━━ DATA FOR THIS TASK
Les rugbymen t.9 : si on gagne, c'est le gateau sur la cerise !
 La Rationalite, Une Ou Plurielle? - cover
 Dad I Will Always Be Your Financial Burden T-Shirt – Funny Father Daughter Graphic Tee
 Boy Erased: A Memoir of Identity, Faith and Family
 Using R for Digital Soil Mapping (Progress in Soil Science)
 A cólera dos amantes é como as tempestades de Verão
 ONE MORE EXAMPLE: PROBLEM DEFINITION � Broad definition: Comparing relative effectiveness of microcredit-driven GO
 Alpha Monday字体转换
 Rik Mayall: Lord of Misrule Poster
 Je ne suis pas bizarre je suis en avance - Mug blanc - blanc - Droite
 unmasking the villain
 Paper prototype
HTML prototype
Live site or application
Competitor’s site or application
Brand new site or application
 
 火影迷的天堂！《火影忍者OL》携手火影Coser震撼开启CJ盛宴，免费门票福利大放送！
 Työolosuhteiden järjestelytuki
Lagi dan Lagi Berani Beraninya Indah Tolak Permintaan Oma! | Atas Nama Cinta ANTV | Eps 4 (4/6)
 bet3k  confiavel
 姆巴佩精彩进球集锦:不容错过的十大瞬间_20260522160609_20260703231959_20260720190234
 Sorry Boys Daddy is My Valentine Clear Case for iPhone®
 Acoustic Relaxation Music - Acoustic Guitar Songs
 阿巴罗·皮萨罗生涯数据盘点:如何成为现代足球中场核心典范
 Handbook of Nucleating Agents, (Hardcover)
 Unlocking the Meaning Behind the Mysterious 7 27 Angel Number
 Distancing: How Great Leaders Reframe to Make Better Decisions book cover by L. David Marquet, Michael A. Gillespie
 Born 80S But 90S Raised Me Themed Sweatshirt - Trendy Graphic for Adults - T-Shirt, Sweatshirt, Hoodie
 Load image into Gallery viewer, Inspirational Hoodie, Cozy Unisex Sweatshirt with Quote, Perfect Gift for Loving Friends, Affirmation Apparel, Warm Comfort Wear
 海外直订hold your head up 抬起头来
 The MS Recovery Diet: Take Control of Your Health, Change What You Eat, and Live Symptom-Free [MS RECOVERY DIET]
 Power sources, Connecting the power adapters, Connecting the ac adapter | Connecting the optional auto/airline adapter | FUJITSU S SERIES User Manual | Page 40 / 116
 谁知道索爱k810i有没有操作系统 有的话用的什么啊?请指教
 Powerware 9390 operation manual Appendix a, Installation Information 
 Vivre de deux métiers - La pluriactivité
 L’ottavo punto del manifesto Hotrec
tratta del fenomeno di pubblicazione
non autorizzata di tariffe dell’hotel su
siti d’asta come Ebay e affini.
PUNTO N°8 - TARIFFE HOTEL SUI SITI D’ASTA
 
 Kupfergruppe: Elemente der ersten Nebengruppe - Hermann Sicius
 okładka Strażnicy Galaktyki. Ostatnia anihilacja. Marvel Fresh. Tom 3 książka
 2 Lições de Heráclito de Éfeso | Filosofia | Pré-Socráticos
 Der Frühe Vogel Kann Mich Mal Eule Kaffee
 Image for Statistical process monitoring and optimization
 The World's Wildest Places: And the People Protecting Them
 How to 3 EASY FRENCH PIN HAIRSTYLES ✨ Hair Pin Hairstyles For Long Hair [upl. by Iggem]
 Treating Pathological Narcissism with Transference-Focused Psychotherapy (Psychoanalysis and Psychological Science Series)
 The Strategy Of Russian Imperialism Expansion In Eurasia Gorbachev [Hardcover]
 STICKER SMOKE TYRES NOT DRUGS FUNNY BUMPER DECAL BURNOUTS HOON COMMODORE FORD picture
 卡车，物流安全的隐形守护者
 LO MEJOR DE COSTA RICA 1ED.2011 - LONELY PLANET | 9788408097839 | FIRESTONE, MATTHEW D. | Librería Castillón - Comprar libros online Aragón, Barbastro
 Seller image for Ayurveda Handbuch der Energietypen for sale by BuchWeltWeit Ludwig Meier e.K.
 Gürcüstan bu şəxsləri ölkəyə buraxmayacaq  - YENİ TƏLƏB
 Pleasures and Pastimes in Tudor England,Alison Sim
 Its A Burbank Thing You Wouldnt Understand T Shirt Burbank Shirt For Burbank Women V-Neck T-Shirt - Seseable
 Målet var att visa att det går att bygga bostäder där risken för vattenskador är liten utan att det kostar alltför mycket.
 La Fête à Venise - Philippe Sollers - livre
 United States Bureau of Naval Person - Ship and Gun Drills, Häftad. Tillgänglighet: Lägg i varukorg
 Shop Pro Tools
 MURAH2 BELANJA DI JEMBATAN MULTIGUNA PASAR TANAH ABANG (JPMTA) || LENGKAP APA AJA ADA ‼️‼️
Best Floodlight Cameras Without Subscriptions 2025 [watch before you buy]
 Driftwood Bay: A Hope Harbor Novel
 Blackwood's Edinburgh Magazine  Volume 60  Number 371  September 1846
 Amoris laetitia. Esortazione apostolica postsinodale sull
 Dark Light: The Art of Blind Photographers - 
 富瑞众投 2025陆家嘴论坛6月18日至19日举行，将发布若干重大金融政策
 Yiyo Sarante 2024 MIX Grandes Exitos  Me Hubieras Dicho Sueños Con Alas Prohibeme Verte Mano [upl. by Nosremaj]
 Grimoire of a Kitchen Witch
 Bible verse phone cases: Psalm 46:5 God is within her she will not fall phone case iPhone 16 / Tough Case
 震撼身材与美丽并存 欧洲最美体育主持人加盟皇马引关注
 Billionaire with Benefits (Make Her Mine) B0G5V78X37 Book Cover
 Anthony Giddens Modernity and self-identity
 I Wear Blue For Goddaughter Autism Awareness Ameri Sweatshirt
━━━━
[TO DO]:
Quote in full each line from the top of the records above through the line with "Handbook of Nucleating Agents, (Hardcover)"; stop after that line.

[RESULT FOR THIS TASK]:
Les rugbymen t.9 : si on gagne, c'est le gateau sur la cerise !
 La Rationalite, Une Ou Plurielle? - cover
 Dad I Will Always Be Your Financial Burden T-Shirt – Funny Father Daughter Graphic Tee
 Boy Erased: A Memoir of Identity, Faith and Family
 Using R for Digital Soil Mapping (Progress in Soil Science)
 A cólera dos amantes é como as tempestades de Verão
 ONE MORE EXAMPLE: PROBLEM DEFINITION � Broad definition: Comparing relative effectiveness of microcredit-driven GO
 Alpha Monday字体转换
 Rik Mayall: Lord of Misrule Poster
 Je ne suis pas bizarre je suis en avance - Mug blanc - blanc - Droite
 unmasking the villain
 Paper prototype
HTML prototype
Live site or application
Competitor’s site or application
Brand new site or application
 
 火影迷的天堂！《火影忍者OL》携手火影Coser震撼开启CJ盛宴，免费门票福利大放送！
 Työolosuhteiden järjestelytuki
Lagi dan Lagi Berani Beraninya Indah Tolak Permintaan Oma! | Atas Nama Cinta ANTV | Eps 4 (4/6)
 bet3k  confiavel
 姆巴佩精彩进球集锦:不容错过的十大瞬间_20260522160609_20260703231959_20260720190234
 Sorry Boys Daddy is My Valentine Clear Case for iPhone®
 Acoustic Relaxation Music - Acoustic Guitar Songs
 阿巴罗·皮萨罗生涯数据盘点:如何成为现代足球中场核心典范
 Handbook of Nucleating Agents, (Hardcover)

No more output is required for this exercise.